PROBLEM TO SOLVE — Once you find the line below that contains "One Piece Anime", write it out along with every later line exactly as given, stopping only when the records end. Omit the pictures.

[Captioned web images]
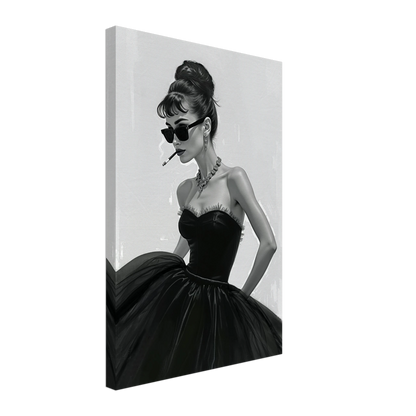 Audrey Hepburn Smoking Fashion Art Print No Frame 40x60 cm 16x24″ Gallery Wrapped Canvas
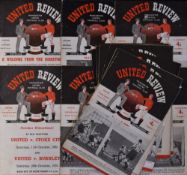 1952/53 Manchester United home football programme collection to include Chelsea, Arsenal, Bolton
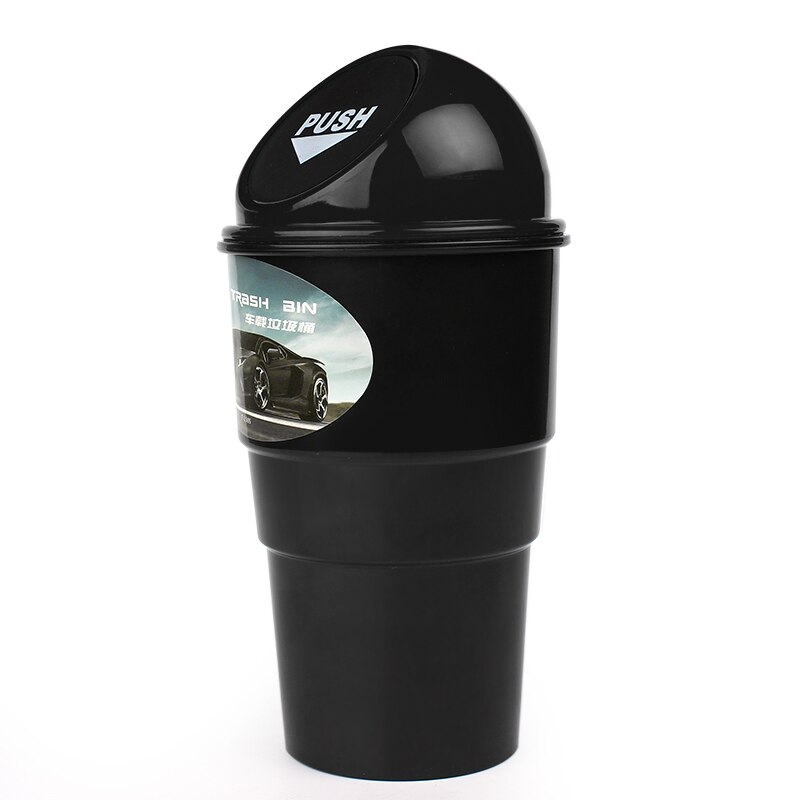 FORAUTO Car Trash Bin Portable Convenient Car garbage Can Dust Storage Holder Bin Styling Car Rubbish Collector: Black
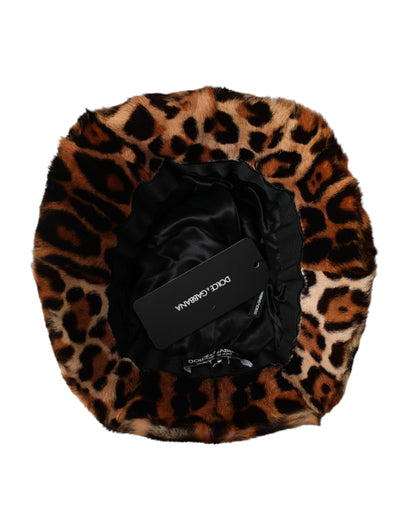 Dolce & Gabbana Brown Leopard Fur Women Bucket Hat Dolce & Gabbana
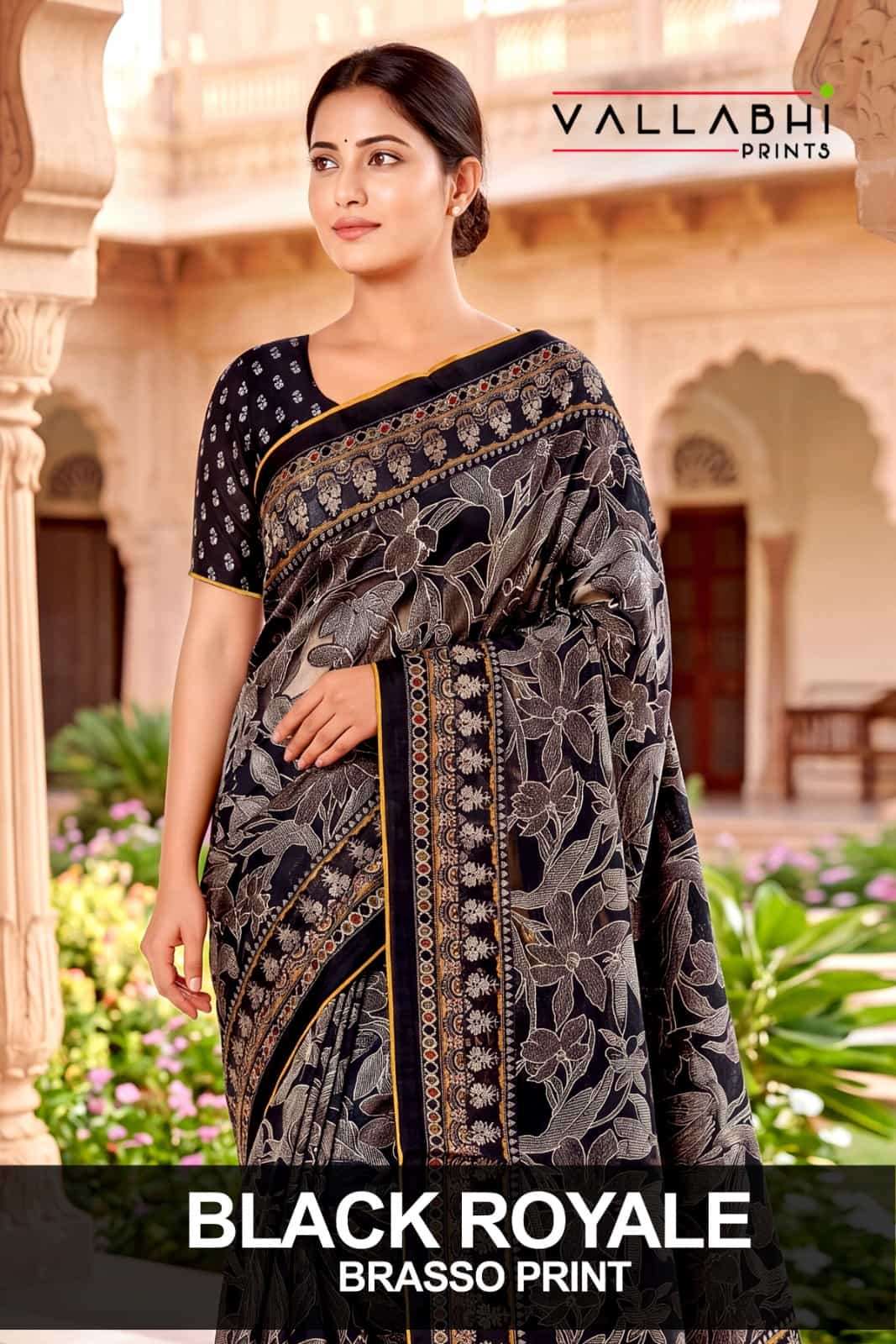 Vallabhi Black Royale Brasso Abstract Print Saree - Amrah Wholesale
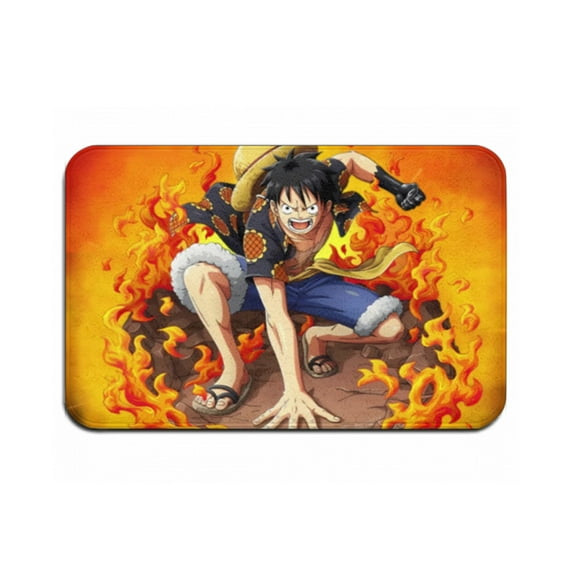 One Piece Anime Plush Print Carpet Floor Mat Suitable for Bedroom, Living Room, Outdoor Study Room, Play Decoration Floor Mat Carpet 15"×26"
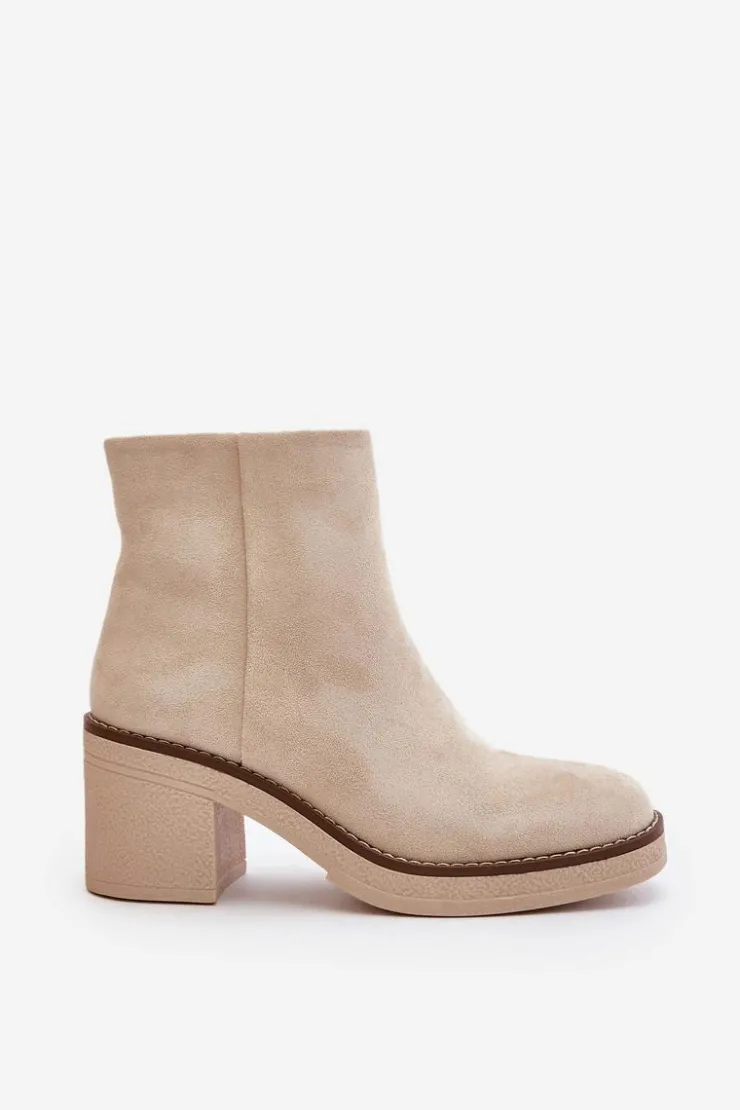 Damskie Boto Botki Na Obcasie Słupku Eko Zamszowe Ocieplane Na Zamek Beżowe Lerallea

RESULT OF THIS EXERCISE —
 One Piece Anime Plush Print Carpet Floor Mat Suitable for Bedroom, Living Room, Outdoor Study Room, Play Decoration Floor Mat Carpet 15"×26"
 Damskie Boto Botki Na Obcasie Słupku Eko Zamszowe Ocieplane Na Zamek Beżowe Lerallea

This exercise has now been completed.